• _Exercise objective_: In the listing below, the lines starting at the line with "Quadro Decorativo moderno" and ending at the line with "Grey Hand with" are to be output verbatim. Images stay out of the copy.

Segment Start: Entries shown

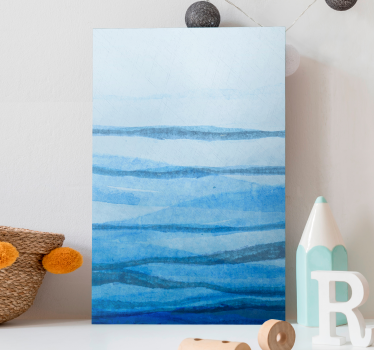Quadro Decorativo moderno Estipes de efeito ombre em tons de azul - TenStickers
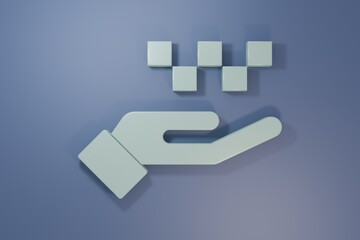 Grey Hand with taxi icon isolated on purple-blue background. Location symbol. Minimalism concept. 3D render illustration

Segment End: Entries shown
Segment Start: Entries shown

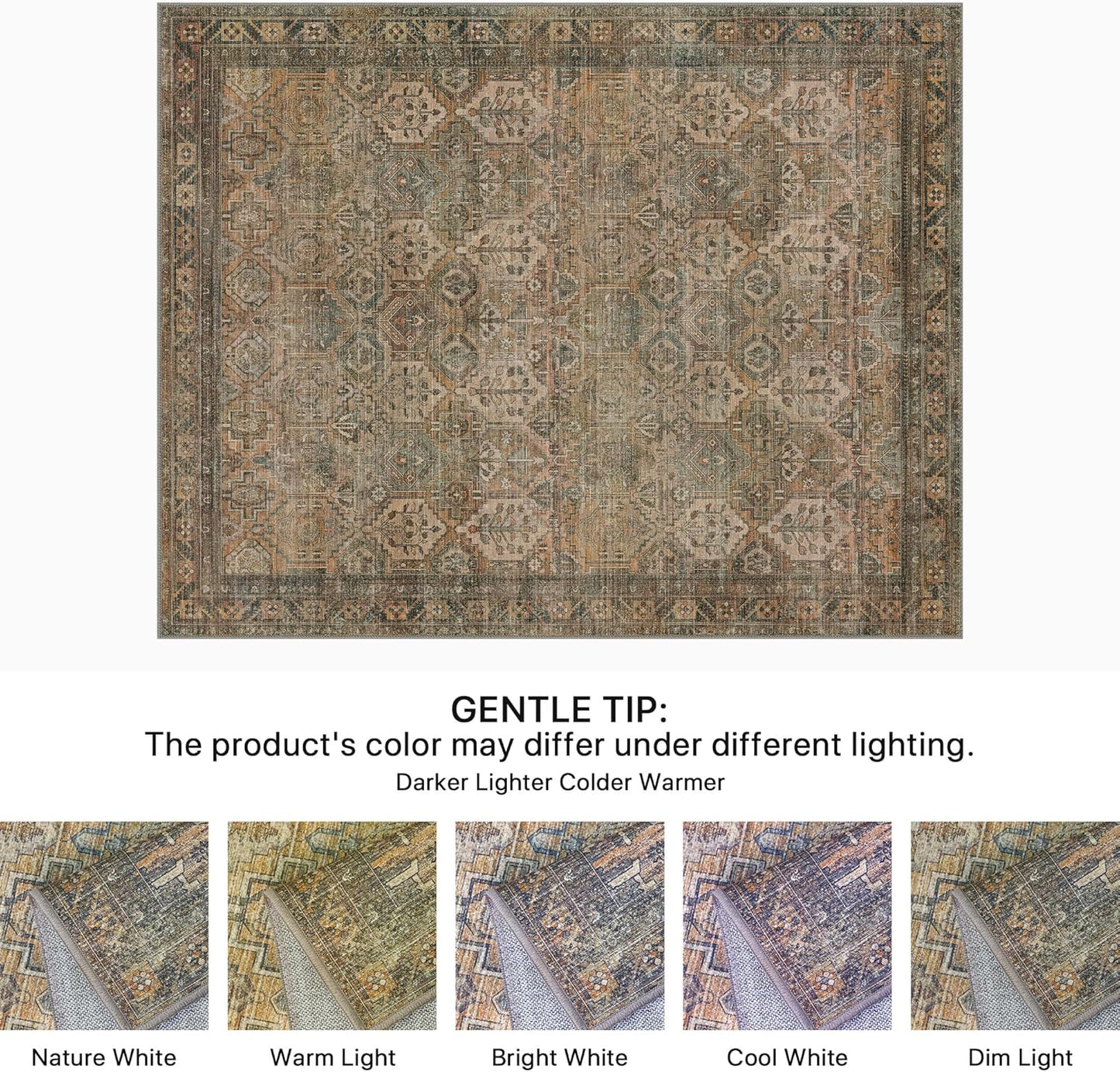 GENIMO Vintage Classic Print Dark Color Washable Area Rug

Segment End: Entries shown
Segment Start: Entries shown

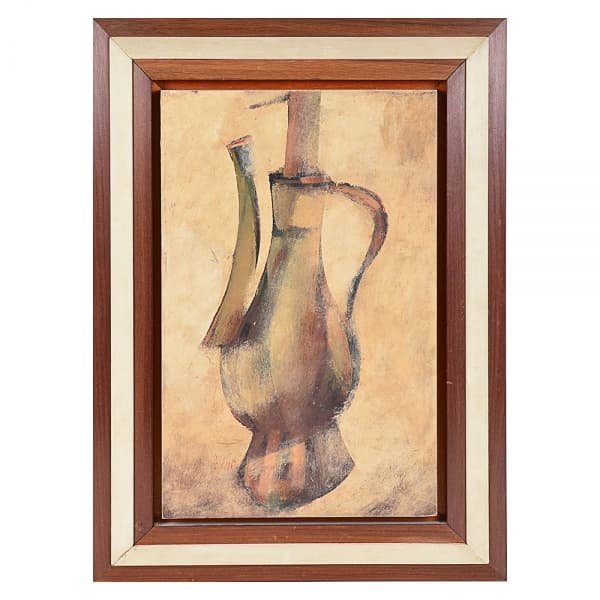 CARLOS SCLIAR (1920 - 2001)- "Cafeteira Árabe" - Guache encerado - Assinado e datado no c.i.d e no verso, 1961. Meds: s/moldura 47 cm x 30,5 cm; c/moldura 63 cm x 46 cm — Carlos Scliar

Segment End: Entries shown

• _Expected output_:
Quadro Decorativo moderno Estipes de efeito ombre em tons de azul - TenStickers
 Grey Hand with taxi icon isolated on purple-blue background. Location symbol. Minimalism concept. 3D render illustration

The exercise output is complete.